And so I think what you’re seeing is deal doing is there, it’s not at record levels or anything close to it.

I think the markets are kind of adjusting to a lot of instability right now.

So rate cuts coming election cycle coming.

And I think the result of that is that you’ve got buyers and sellers kind of squaring off against each other.

Questioning is now the time that’s beginning to and I think the sort of the pictures are becoming a little bit more clear and so we’re expecting to see and are beginning to see the volumes picking up on the valuation levels.

I think the story for the public markets is a lot less attractive.

You have a tremendous number of unprofitable public companies trading at really high multiple still.

And that has not yet sort of flushed out.

I think again, sort of the rise of the, these sort of big tech businesses are kind of pulling everybody along with them.

That’s not what we’re seeing across the private market segment right now.

You know, one data point, I’m curious about Eric and I bet you have it, which is, you know, when we talk about uh the retail investor, your average retail investor, what is their private market allocation Eric?

And has that evolved, has that changed at all over the last few years?

For the vast majority?

The answer is simple, it’s zero.

They have not really had a good opportunity, good access point, right?

Price structure, right?

Legal structure to access these markets by and large.

It’s basically been 50 years of this asset class dominating by institutional investors.

And that finally is over, there’s now a multitude of products that are attractive that are more easily available and the technology changes are coming to make that access point even easier in the form of things like tokenization.

I I know you’re a big proponent of tokenization, right?

Uh And I’m I’m curious if you do see more of that in on the private side, you know, will will individual investors, retail investors still have to have, you know, will they still have to be accredited?

Will they still have to have a certain amount to invest?

For example, how will all that shake out?

Yeah, I think, think it, I think we think about tokenization more around kind of an access point.

So think about sort of the private markets kind of heretofore have really been about writing a check and no one wants to write checks these days.

We want to use something like an apple pay.

And so I sort of more equate that the token world to more of the apple pay, just simple ease of use.

That is not structurally changing, kind of who the investor type is.

It’s really more we kind of meeting the investor where they are, which is you want to operate in a digital passport environment with a digital wallet.

You wanna make sure that you’re sort of tracking things again in that more digital way.

And so tokens are the way to go about doing that.

So I think it’s just simple and more of an easier way to transact Eric.
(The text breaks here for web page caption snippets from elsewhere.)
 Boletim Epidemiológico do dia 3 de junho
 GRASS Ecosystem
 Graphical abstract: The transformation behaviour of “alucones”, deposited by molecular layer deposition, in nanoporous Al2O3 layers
I wanna get you out of here on this.

Let’s say, you know, you’re a retail investor, you’re listening to this, you’re curious, you’re like, you know what, maybe I will shift uh somewhat from, from public to private, what are, what do they need to know Eric about that just in terms of, you know, some big picture themes in terms of duration, time, horizon volatility.

Well, I think it’s interesting, I mean, most of the capital that we’re talking about for the retail investor is not money that they’re gonna spend on groceries next week, it’s really about capital that people are putting away for retirement.

So by definition, it’s already long term capital and we would say investors should adopt that long term mindset.

So if we look at the institutional world today, on average, about 15 to 20% of their assets are in the private markets, not alternatives, just the private markets.

And so that has served them well, typical institutional investor has a higher return than the typical retail investor again because adding that kind of higher return mix, but you’re right duration, longer, less liquidity.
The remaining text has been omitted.